Il semblerait que Jack ait eu des problèmes de cœur récemment (impossible de ne pas penser à sa rupture avec Renée « Bridget Jones » Zellweger lorsque la moitié des chansons parlent d’un amour parti)… Ceci expliquerait donc le côté sentimental et dépouillé de l’album. Pourtant l’album démarre fort avec un « Blue Orchid » funky qui trahit – comme d’autres chansons ici d’ailleurs – l’influence de Beck sur Jack après leur collaboration de l’an dernier pour Guero.

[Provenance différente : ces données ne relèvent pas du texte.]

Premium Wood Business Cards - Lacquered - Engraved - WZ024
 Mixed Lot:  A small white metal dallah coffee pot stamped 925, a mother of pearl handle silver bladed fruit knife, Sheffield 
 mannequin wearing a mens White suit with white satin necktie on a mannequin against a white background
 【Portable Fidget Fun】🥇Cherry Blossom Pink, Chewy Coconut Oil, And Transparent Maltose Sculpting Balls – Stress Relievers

La voix haut-perchée du chanteur y est d’ailleurs surprenante.
 
Le piano est ici utilisé de façon intéressante. Les accords frappés – cognés plutôt – par Jack, la batterie primaire et le tambourin de Meg créent une rythmique dépouillée mais dansante. « My Doorbell », « The Denial Twist », « Passive Manipulation » (chanté par Meg), « Take Take Take » poussent les limites du minimalisme toujours plus loin pour un effet maximal. Ces morceaux funky sont irrésistibles. L’autre utilisation du clavier est plus classique, l’instrument servant d’appui aux effusions sentimentales de Jack dans les morceaux introspectifs que compte l’album (« White Moon », et « I’m Lonely (But I Ain’t That Lonely Yet) »)

Ce qui frappe dans cet album est le nombre de morceaux ovni qu’il compte. Preuves de l’ouverture d’esprit des White Stripes et de leur esprit d’avant-garde, « Blue Orchid », « The Nurse » (où des bling-blings de marimba sont interrompus par des décharges électriques), « Little Ghost » (une ritournelle country qui aurait pu être écrite en 1880) et « Red Rain » (résultat d’un croisement entre musique hawaienne et blues blanc) sont des réussites incontestables. 

Alors pourquoi cette impression étrange en premier chef? Les White Stripes viennent de commettre un suicide commercial en sortant l’anti-Elephant. Le côté épique et pop du groupe disparaît pour mettre en valeur la face plus humble et humaine. Leur spectre musical s’en trouve considérablement élargi. Que nous préparent-ils pour le prochain? Toutes les options sont possibles…à condition qu’ils ne décident pas de stopper le groupe d’ici-là comme ils en ont maintes fois parlé…

 

 

Tracklisting : 

1. Blue Orchid  *
2. The Nurse
3. My Doorbell  *
4. Forever For Her (Is Over For Me)
5. Little Ghost
6. The Denial Twist   *
7. White Moon
8. Instinct Blues
9. Passive Manipulation
10. Take, Take, Take   *
11. As Ugly As I Seem
12. Red Rain
13. I’m Lonely (But I Ain’t That Lonely Yet)

  

Vidéos :

« Blue Orchid »

 

Vinyle :

Get Behind Me Satan ! est à ce jour le seul album des White Stripes à ne pas avoir été publié en vinyle. Etrange…

 

Eric

Rédacteur en chef, webmonstre, tête de veau, suiveur de modes, mauvaise foi.

1 Comment

  1. Plus les white stripes se démarquent du blues ou du garage (en se rapprochant de la pop) meilleurs sont leurs albums… Celui est quasiment mon préféré !
    D’ailleurs même ma fille de cinq ans en fredonne les airs !!
    Evidemment, les fans du début ont tourné la tête depuis longtemps, ils loupent vraiment quelque chose !!